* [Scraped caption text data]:

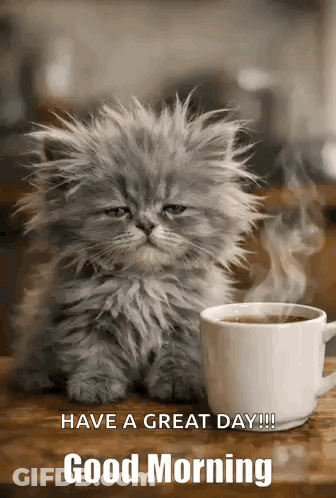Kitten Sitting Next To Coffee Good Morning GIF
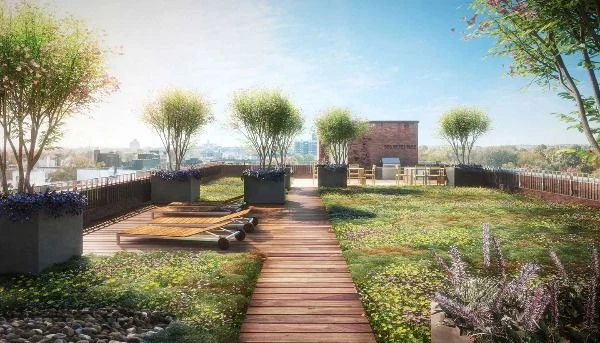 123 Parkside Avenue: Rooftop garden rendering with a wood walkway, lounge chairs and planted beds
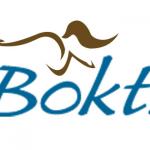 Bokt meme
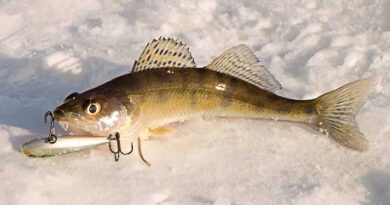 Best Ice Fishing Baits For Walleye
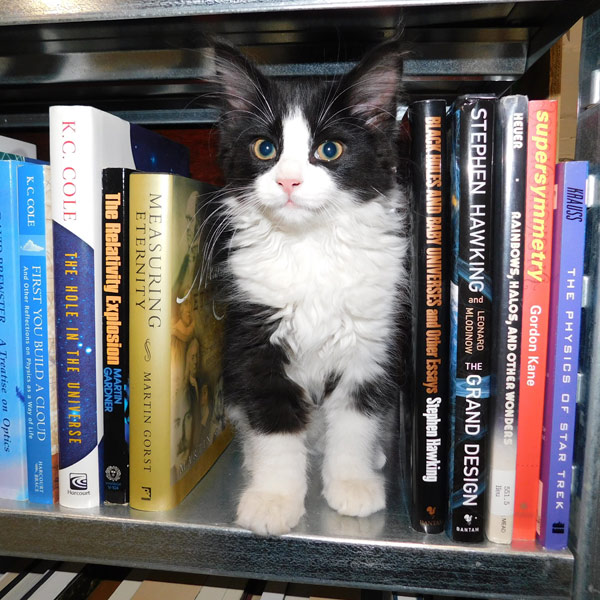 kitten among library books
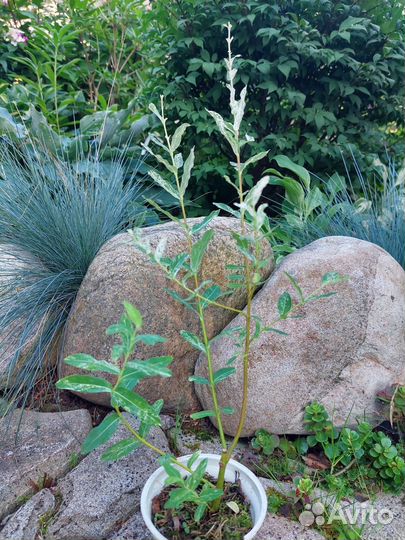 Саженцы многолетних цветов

* [TASK TO CARRY OUT]:
Return all records above verbatim without their pictures.

* [ANSWER BOX]:
Kitten Sitting Next To Coffee Good Morning GIF
 123 Parkside Avenue: Rooftop garden rendering with a wood walkway, lounge chairs and planted beds
 Bokt meme
 Best Ice Fishing Baits For Walleye
 kitten among library books
 Саженцы многолетних цветов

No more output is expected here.